### Requirement:
Images are not part of the copy; transcribe all the data exactly.

### Provided data:
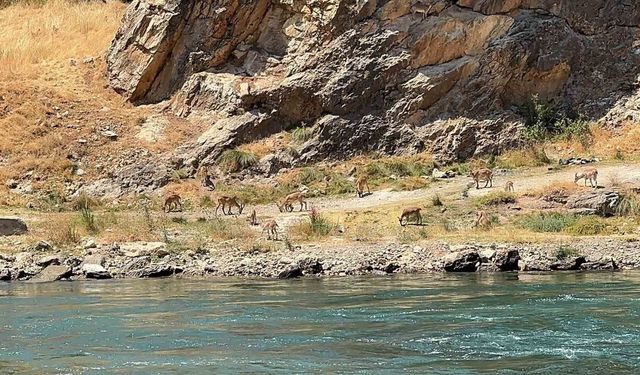 Karakoçan'da dağ keçileri sürü halinde görüntülendi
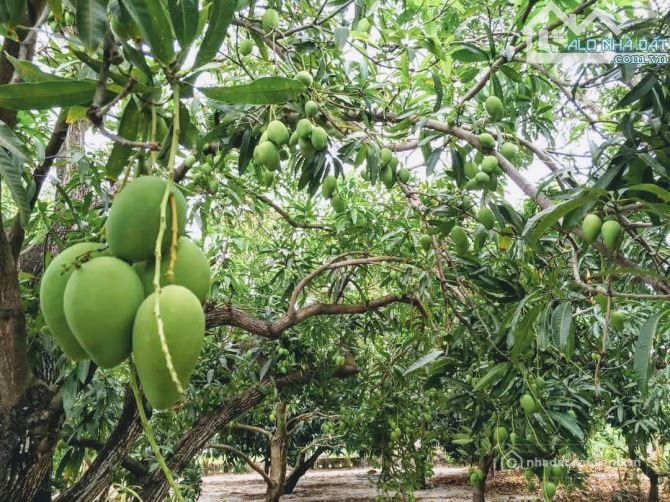 Bán đất thổ cư: TUYỆT PHẨM NHÀ VƯỜN VIEW SÔNG, GẦN BIỂN, GẦN CAO TỐC, KẾ BÊN CÁC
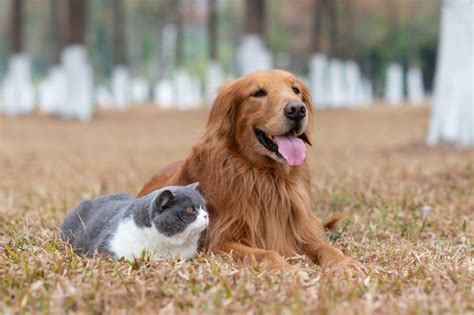 Archives Des Races De Chien Tout Chien Le Magazine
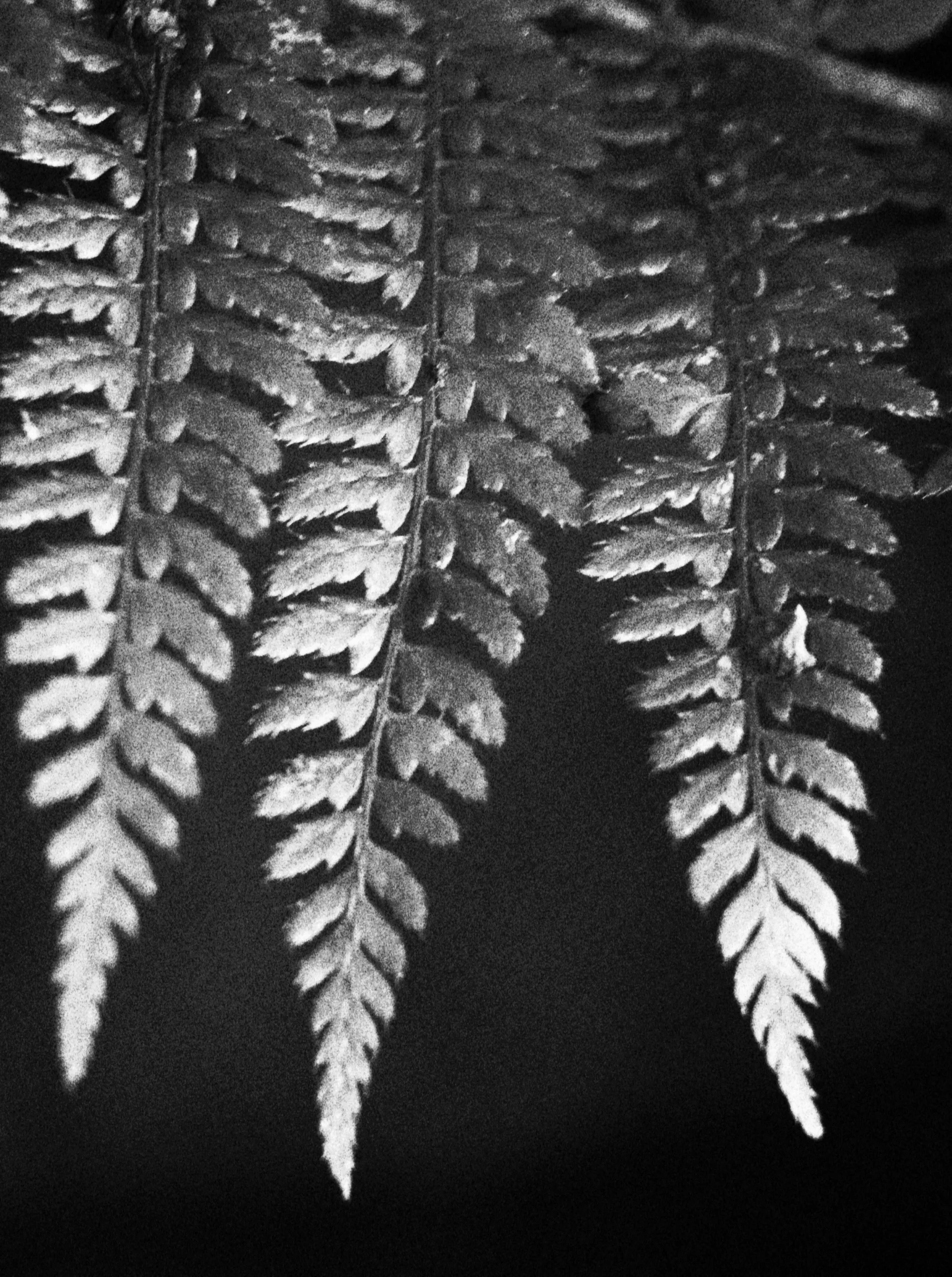 Black and white photo of fern leaves with detailed texture.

### Solution for this problem:
 Karakoçan'da dağ keçileri sürü halinde görüntülendi
 Bán đất thổ cư: TUYỆT PHẨM NHÀ VƯỜN VIEW SÔNG, GẦN BIỂN, GẦN CAO TỐC, KẾ BÊN CÁC
 Archives Des Races De Chien Tout Chien Le Magazine
 Black and white photo of fern leaves with detailed texture.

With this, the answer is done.